Si Guantánamo suponía la creación de un limbo judicial, la prisión de Abu Ghraib nos muestra la cara amoral de ese limbo

No es novedoso que el dolor humano se ofrezca en espectáculo con fines ejemplarizantes. Ahí están los autos de fe, las ejecuciones públicas, las fiestas de la guillotina -con las tricoteuses cantando, sin dejar de hacer punto, el número de las cabezas a medida que caían-, las lapidaciones y las flagelaciones en determinados países, las retransmisiones televisivas de las ejecuciones, el degollamiento en directo de un ciudadano norteamericano perpetrado hace unos días por Al Qaeda.
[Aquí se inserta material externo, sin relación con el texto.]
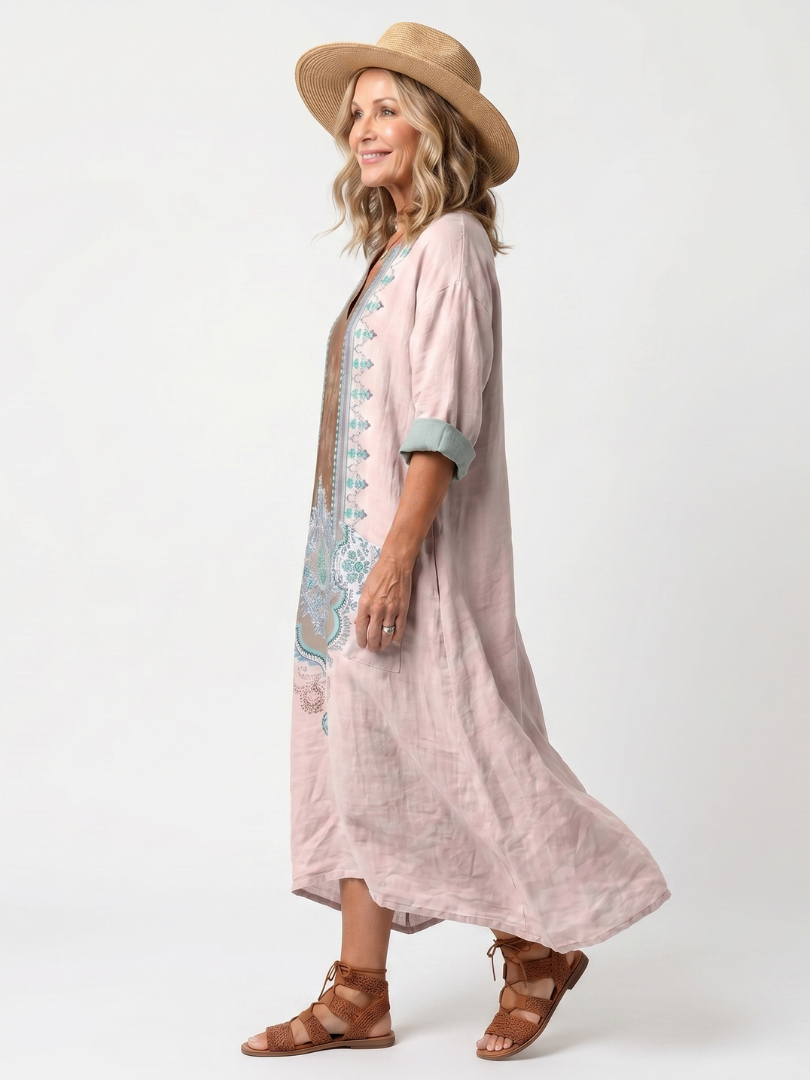 Kenza | Robe midi femme décontractée à poches, panneau brodé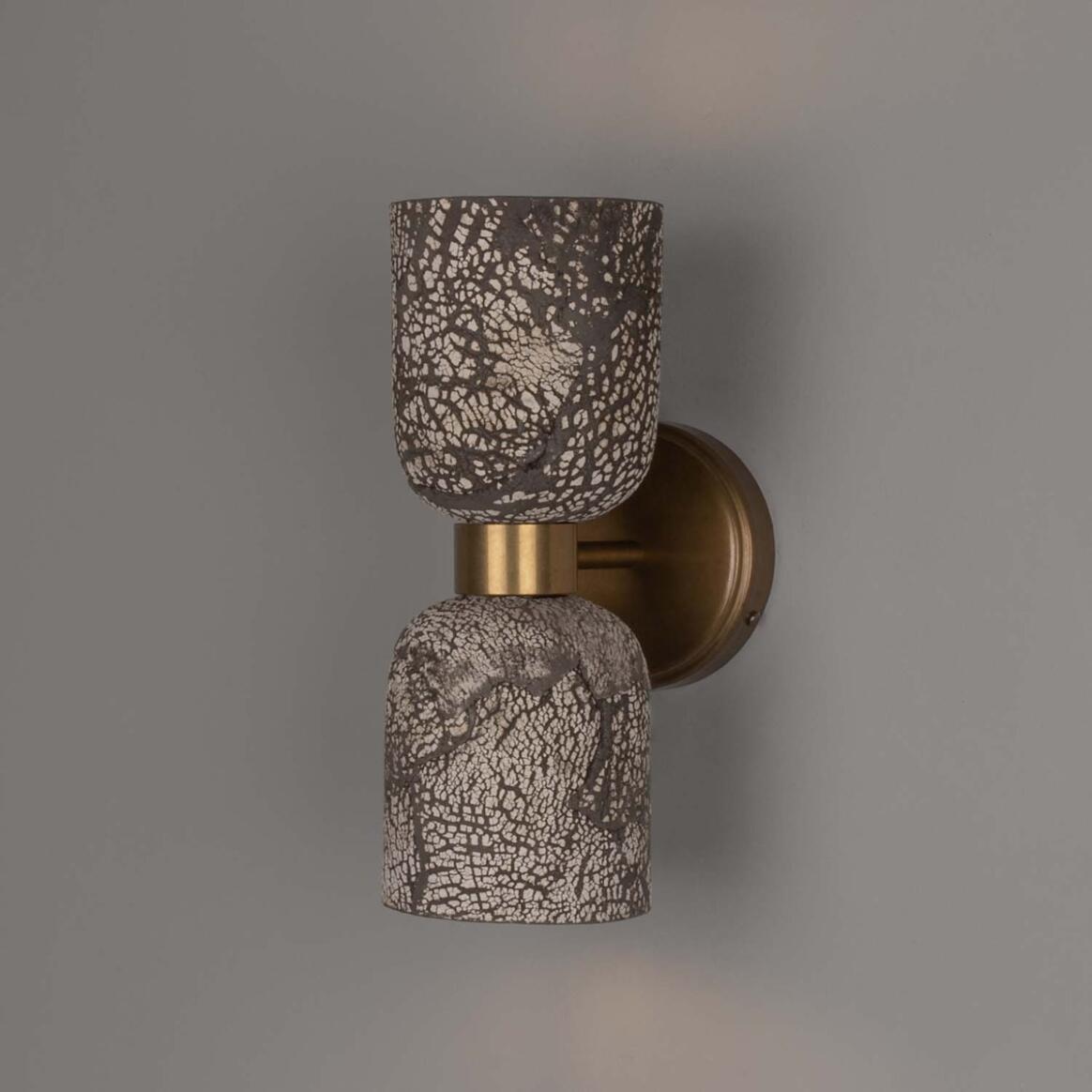 Sakura Double Ceramic and Brass Black Clay Wall Sconce 12.25" IP20 main product image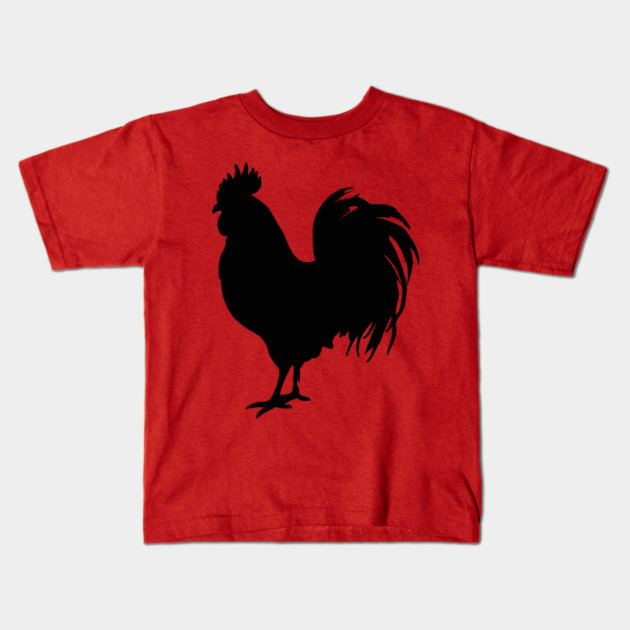 Black Rooster Silhouette Kids T-Shirt by DonWillisJrArt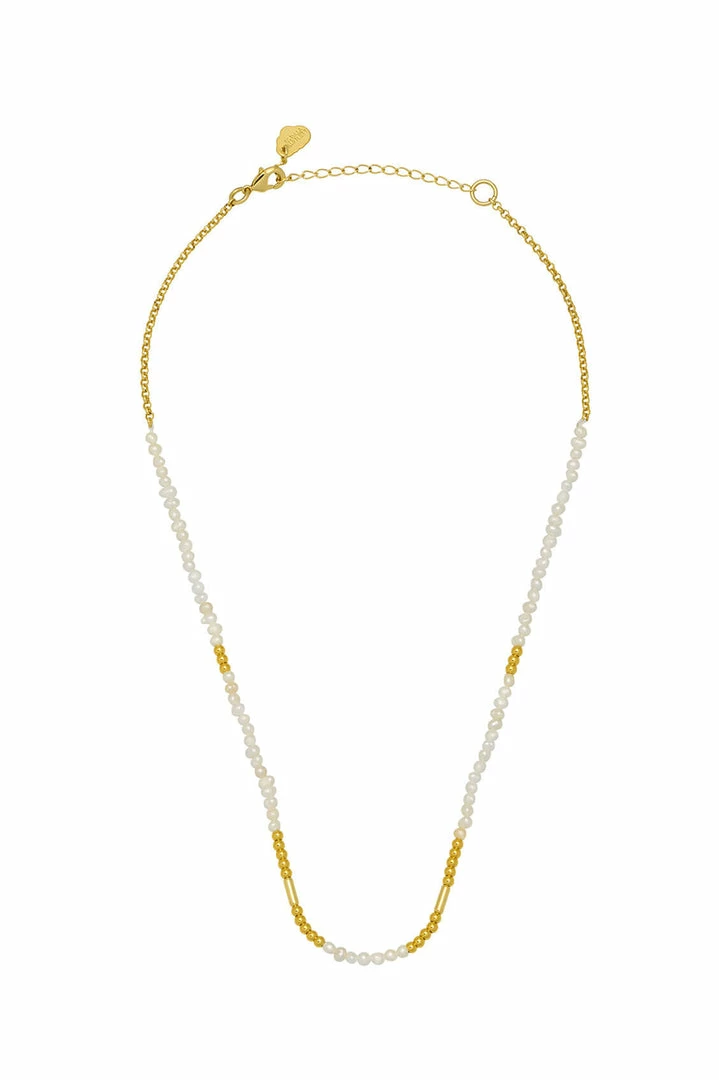 Estella Bartlett Pearl And Gold Beaded Necklace 3 Estella Bartlett Pearl And Gold Beaded Necklace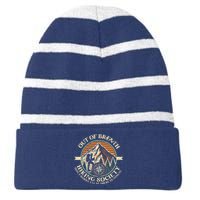 Out Of Breath Hiking Society Funny Mountain Outdoor Hikers Striped Beanie with Solid Band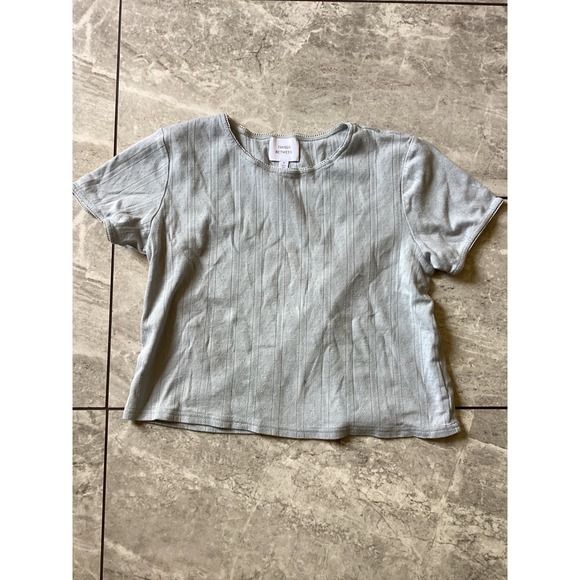 Things Between Tops - Things Between Light Blue Cotton Pointelle Knit Lace Trim Short Sleeve Top S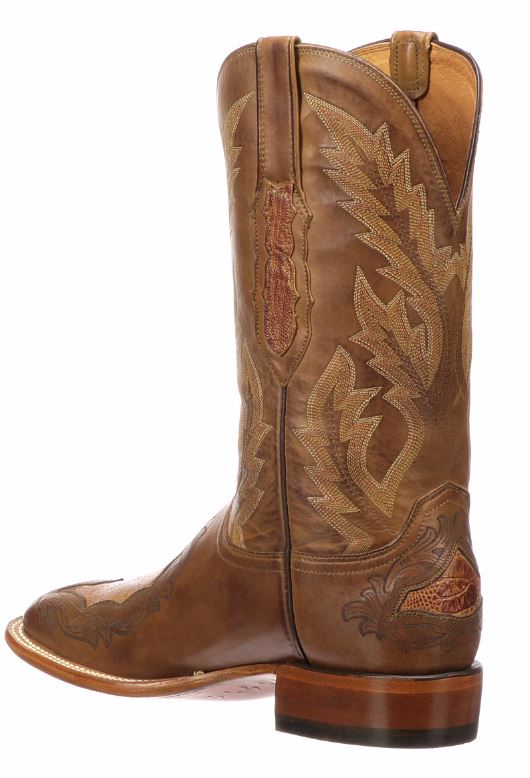 Lucchese Bartley Ostrich Leg Cognac Mens Western Boots CL1048.WF
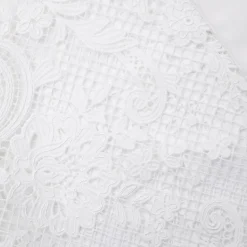 White Lace Pussy Bow Shirt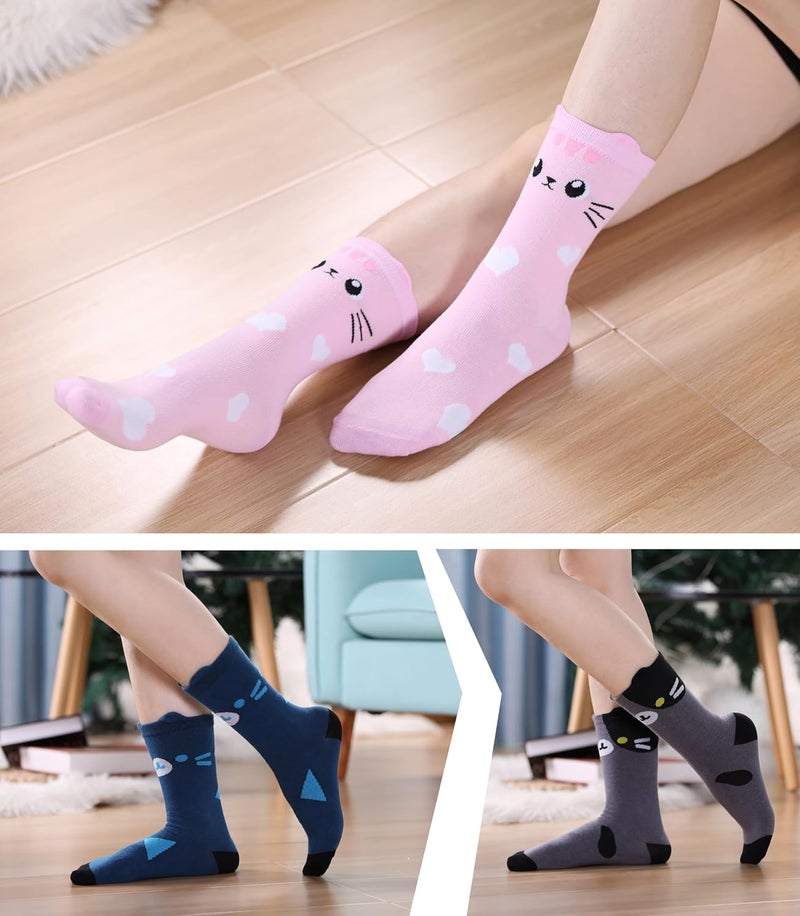 SDBING Womens Cat Socks Cute Gifts Animal Soft Breathable Thin Cotton Casual Crew Socks 5 Pairs - Image 5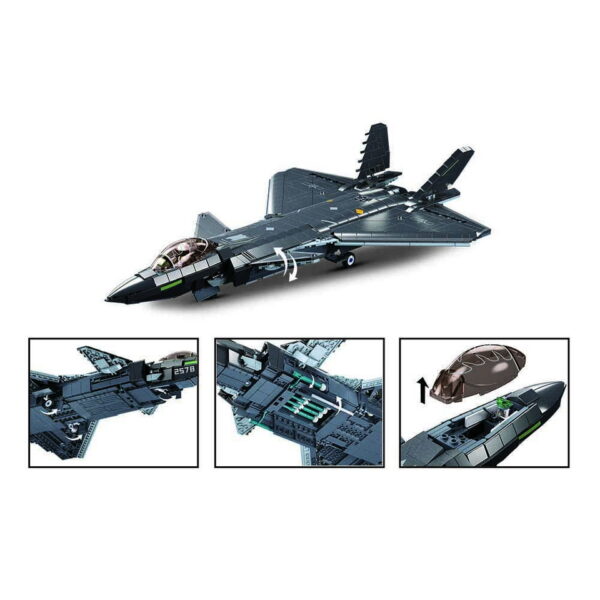 413344 Sluban J20SS Stealth Aircraft M Coat. Vers. M38 B1187 161361 De Sluban J20SS Stealth Aircraft M Coat Vers. M38-B1187 #16136 is een waar kunstwerk voor liefhebbers van geavanceerde luchtmachttechnologie en creatieve bouwkunst. Sluban staat bekend om zijn hoogwaardige bouwsets met militaire thema's, en deze set is een meesterwerk. Met in totaal 953 bouwstenen en 1 minifiguur biedt deze set niet alleen een boeiende bouwervaring, maar ook een kans om een van 's werelds meest geavanceerde stealth-vliegtuigen te creëren. Het resultaat is een verbluffende J20SS Stealth Aircraft, klaar om de lucht in te gaan voor spannende militaire missies. Een van de voordelen van Sluban is de compatibiliteit van hun bouwstenen met andere grote bouwsteenmerken, waardoor je de vrijheid hebt om sets te combineren en je eigen militaire wereld te bouwen. De doosafmetingen zijn 38 x 33 x 14,5 cm, en de moeilijkheidsgraad wordt als gemiddeld beoordeeld, geschikt voor bouwers vanaf 12 jaar en ouder. Of je nu een doorgewinterde bouwer bent of gewoon op zoek bent naar een uitdagende bouwervaring, de Sluban J20SS Stealth Aircraft M Coat biedt een ongeëvenaarde combinatie van creativiteit en militaire precisie. Laat je verbeelding de vrije loop en maak deel uit van de luchtvaartgeschiedenis met Sluban. <strong>Inhoud set:</strong> Aantal minifiguren: 1 Aantal blokjes: 953 Doosafmeting (BxHxD): 38 x 33 x 14,5 cm Moeilijkheidsgraad: gemiddeld (vanaf 12 jaar)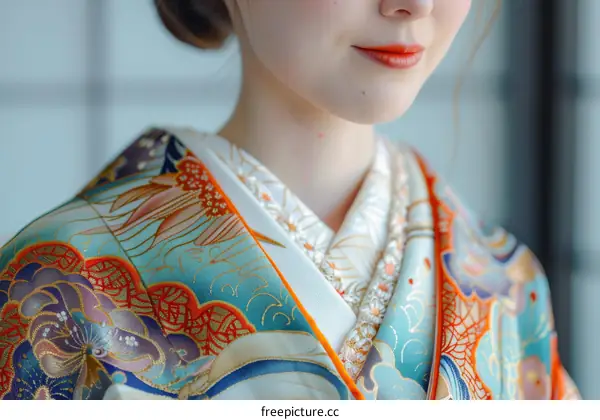 Close-up of a woman wearing a kimono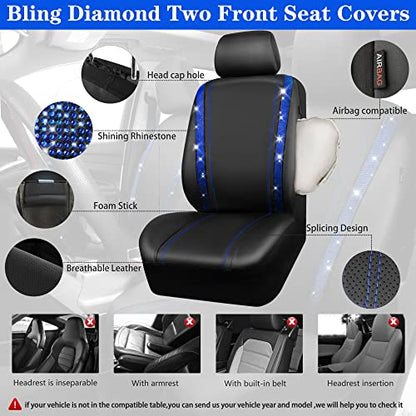 CAR PASS Bling Diamond Car Seat Covers Full Set, Shining Rhinestone Waterproof Faux Leather, Rear with Zipper, Universal Fit Automotive Glitter Crystal Sparkle Strips for Cute Women Girl, Blue - color: Blue Diamond, size: Full Set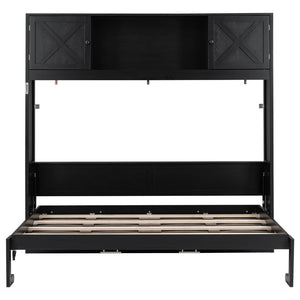 English Elm Full Murphy Bed Pine Wood Cabinet with X Panel Detail for Studio Apartments Black N7090004009B-1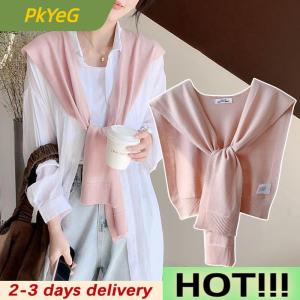 PkYeG Korean Knitted Shawl Summer Air Conditioning Collar Neck Guard Knit Thin Knotted Cape Shoulder Scarf For Women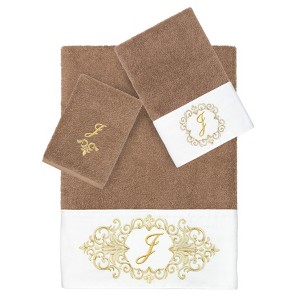 Linum Home Textiles 100% Turkish Cotton MONICA Gold Thread 3PC Embellished Towel Set - 1 of 4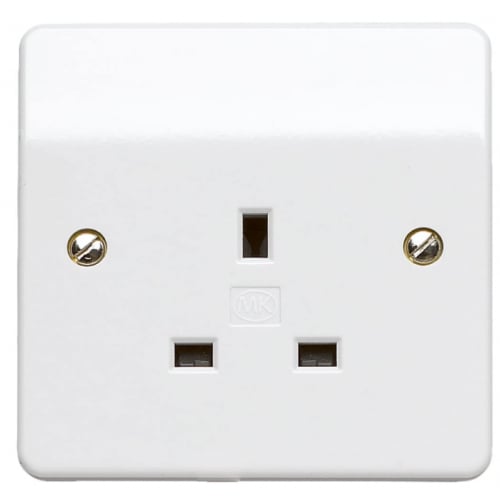 MK K780WHI 1 Gang 13 Amp Un-Switched white Socket Outlet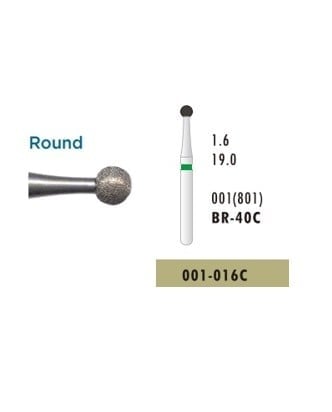 Diamond Bur Br-40C (001-016C), Green, Pack of 5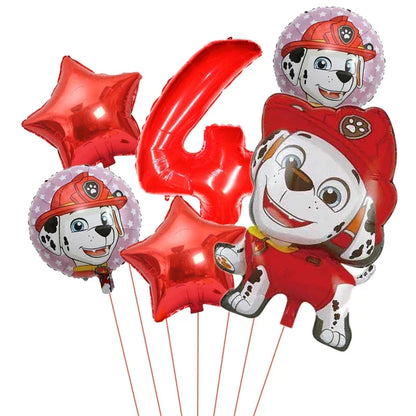 6pcs Cartoon Paw Patrol Theme Foil Balloon Number Balloon Childrens Birthday Party Decoration Baby Gift Party Chase Skye Balloon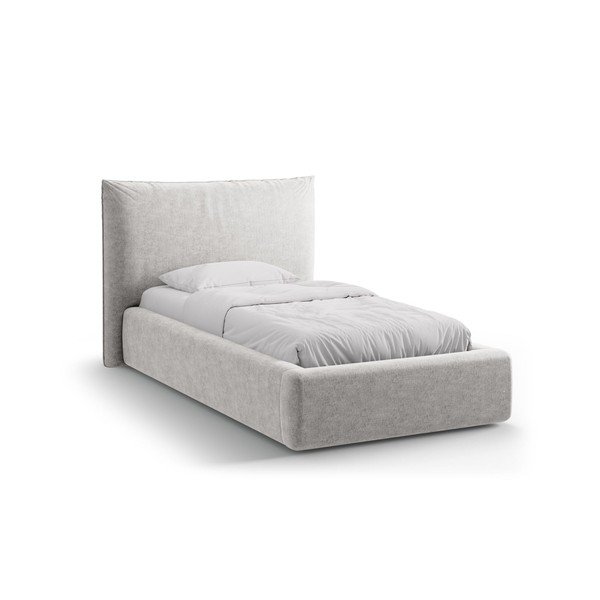 Svetlosivá čalúnená jednolôžková posteľ s úložným priestorom s roštom 90x200 cm Kaelle – Micadoni 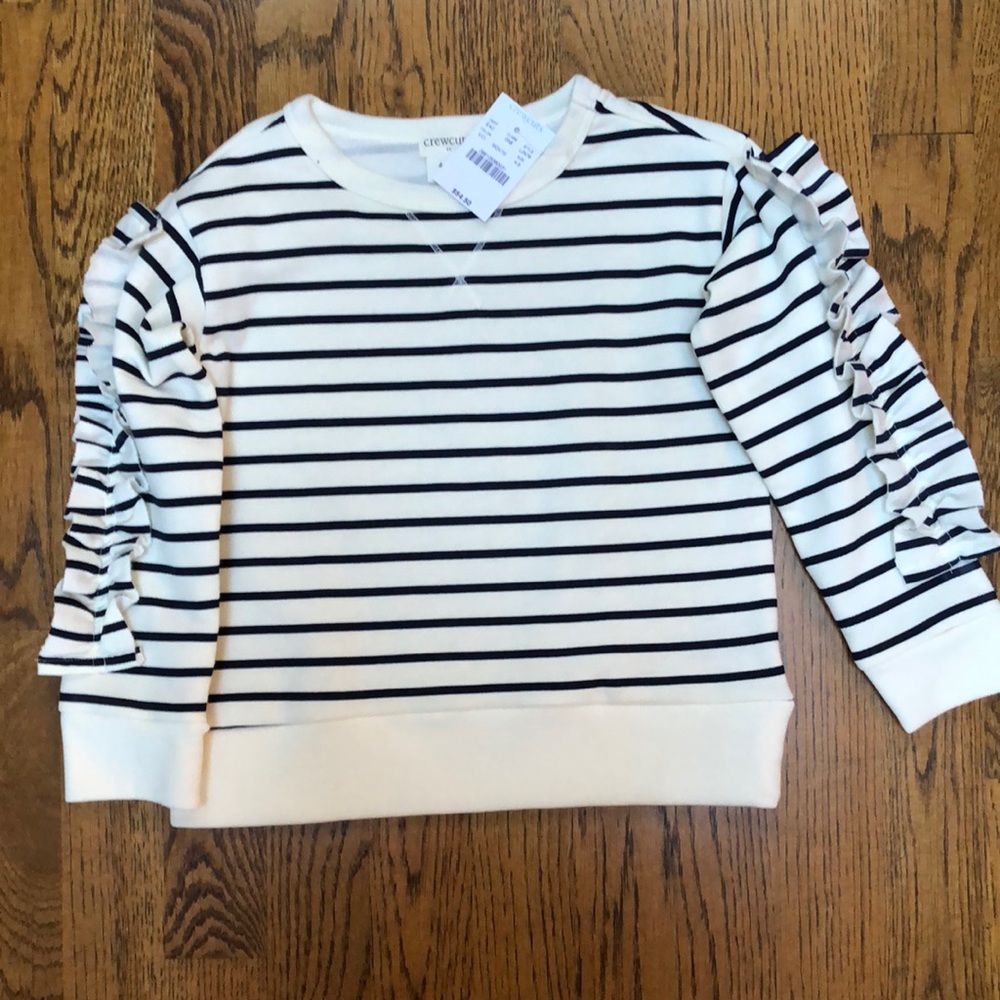 Brand New Crewcuts navy blue stripe sweatshirt!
El castigo nunca ha mostrado recato alguno en exhibirse, en la medida en que se presentaba como testimonio y manifestación de la ley y prueba de su carácter universal: la ley se hacía cuerpo y el cuerpo ha de ser visible. Pero si el castigo se ejecuta en cumplimiento de la ley -sea ésta oral o escrita, o tan cruel y arbitraria como la de Al Qaeda-, la tortura en cambio nada tiene que ver con la ley y su práctica constituye un delito. De ahí que no se exhiba, que se oculte, que sólo exista en el cuerpo del torturado, que su práctica esté sujeta a la presunción de inocencia y haya de ser investigada, demostrada, sacada a la luz mediante pruebas fehacientes.

Lo novedoso de lo ocurrido en la prisión de Abu Ghraib es que la tortura ha sido exhibida. Podríamos alegrarnos de que haya sido así, ya que debido a ello disponemos de pruebas. Y lo sería si esas pruebas fueran fruto de un azar inocente, de una intención neutra o de un propósito delator, pero lo grave del caso es que han sido producidas por una cámara cómplice, una cámara que las festejaba como una hazaña inocente, una cámara tricoteuse.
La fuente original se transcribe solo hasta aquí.